The results of the study showed that symptom overlap and co-occurrence between disorders varied across psychiatric conditions. This was also true at the genetic level: some disorders shared more genes than others. However, disorders that were more genetically similar did not always have the highest rate of symptom overlap or co-occurrence. For example, anxiety and depression shared most of their genetic roots but were only partly similar at the symptom level. In contrast, substance use disorders and obsessive-compulsive disorder (OCD) had overlapping symptoms but differed from each other in their genetic roots.

How could this be? Both genes and the environment influence how these disorders develop and interact. Genetics alone are not sufficient to explain the manifestation of a psychiatric condition. This is why many diseases like schizophrenia can occur in only one member of an identical twin pair, even though schizophrenia itself is one of the most strongly genetically linked mental health disorders. One’s lifestyle, social, and environmental setting can even lead to symptoms that are shared across genetically unrelated disorders.  
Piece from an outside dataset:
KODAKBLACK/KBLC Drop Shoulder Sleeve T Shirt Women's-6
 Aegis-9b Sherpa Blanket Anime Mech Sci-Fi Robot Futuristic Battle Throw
This is not to say that genetics don’t play a role. Genetic differences partly explain why some people are more likely to develop post-traumatic stress disorder after being exposed to trauma4,5. But genes are not a determining factor.

The psychiatry world still has work to do before it fully understands the commonalities and differences between mental health disorders. This type of research will help move us closer to helping individuals with one, or multiple mental health disorders. Perhaps not to become Olympic champions like Noah Lyles, but to achieve their own personal victories, and ultimately live their fullest, healthiest lives.


References:

  1. Kessler RC, Chiu WT, Demler O, Merikangas KR, Walters EE. Prevalence, severity, and comorbidity of 12-month DSM-IV disorders in the National Comorbidity Survey Replication. Arch Gen Psychiatry. 2005 Jun;62(6):617–27.
  2. Polderman TJC, Benyamin B, de Leeuw CA, Sullivan PF, van Bochoven A, Visscher PM, et al. Meta-analysis of the heritability of human traits based on fifty years of twin studies. Nat Genet. 2015 Jul;47(7):702–9.
  3. Williams CM, Peyre H, Wolfram T, Lee YH, Seidlitz J, Ge T, et al. Characterizing the phenotypic and genetic structure of psychopathology in UK Biobank. Nat Mental Health. 2024 Jul 4;2(8):960–74.
  4. Wolf EJ, Miller MW, Sullivan DR, Amstadter AB, Mitchell KS, Goldberg J, et al. A classical twin study of PTSD symptoms and resilience: Evidence for a single spectrum of vulnerability to traumatic stress. Depress Anxiety. 2018 Feb;35(2):132–9.
  5. Kremen WS, Koenen KC, Afari N, Lyons MJ. Twin studies of posttraumatic stress disorder: differentiating vulnerability factors from sequelae. Neuropharmacology. 2012 Feb;62(2):647–53.  

Camille M. Williams, PhD

Camille M. Williams, PhD

Camille M. Williams, PhD, is a postdoctoral researcher at the École Normale Supérieure in Paris, France. Her research focuses on leveraging large datasets, such as the UK Biobank and ABCD, to explore the etiology of cognition and psychopathology. Dr. Williams earned her PhD from Sorbonne University, where she investigated the neuroanatomical mediators of childhood adversity and the genetic influences on cognition and psychopathology. Following her doctoral studies, she completed a postdoctoral fellowship at the University of Texas at Austin, where she examined the concordance of genetic and environmental effects on brain measures in adolescents and explored shared genetic and brain associations across behaviorally similar traits and disorders related to harmful disinhibition. 

Leland Fleming, PhD

Leland Fleming, PhD

Leland Fleming, PhD, is a postdoctoral research fellow in Dr. Kerry Ressler at McLean Hospital and Harvard Medical School in Boston, Massachusetts. His current work examines the long-lasting impact of childhood trauma on brain structure and function. He earned his BS in Neuroscience from Baylor before going on to earn his PhD in Biomedical Sciences from the University of Alabama at Birmingham. As a postdoctoral fellow, he combines brain imaging, genetics, and behavioral approaches to study how the brain changes in the aftermath of childhood trauma, as well as how the effects of trauma are passed between generations.